4 juin 2020

Retours sur le SSTIC – 18e édition « OnLine » – Jour 1

SSTIC

Cette année, BSSI était virtuellement présent à la 18e édition.

Vous souhaitez plus d’informations ? C’est par ici :

Dans cet article nous vous proposons des résumés de quelques conférences du premier jour :

Pivoter tel Bernard, ou comment monitorer des attaquants négligents

Par Daniel Lunghi (Trendmicro)

Le chercheur de Trendmicro, Daniel Lunghi, a présenté dans cette conférence les différentes techniques que ses collègues et lui-même ont utilisées afin de monitorer un groupe d’attaquant ayant effectué des attaques ciblées.

Le groupe en question a ciblé des entreprises de Paris et de jeux en ligne en Asie du Sud-Est entre mai 2019 et mars 2020.

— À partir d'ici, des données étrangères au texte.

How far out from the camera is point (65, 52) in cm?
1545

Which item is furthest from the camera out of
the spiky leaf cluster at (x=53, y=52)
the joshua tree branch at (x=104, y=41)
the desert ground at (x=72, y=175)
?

Les buts de cette enquête étant de :

  • Identifier les TTP (Tactics, Techniques and Procedures)
  • Faciliter la détection et la réponse aux incidents
  • Récupérer autant d’information que possible sur l’attaquant

Étape 1

La première étape a été l’analyse des échantillons recueillis sur les postes infectés. Cela consiste à extraire les IOC (domaine, IP, nom de fichier, clé de registre, etc.), à lister les fonctionnalités du malware et tenter d’identifier sa famille. Un désassembleur, des règles Yara et un moteur de recherche sont suffisants pour réaliser cela.

Cette première analyse a permis de découvrir 4 familles de malware, dont 3 inconnues.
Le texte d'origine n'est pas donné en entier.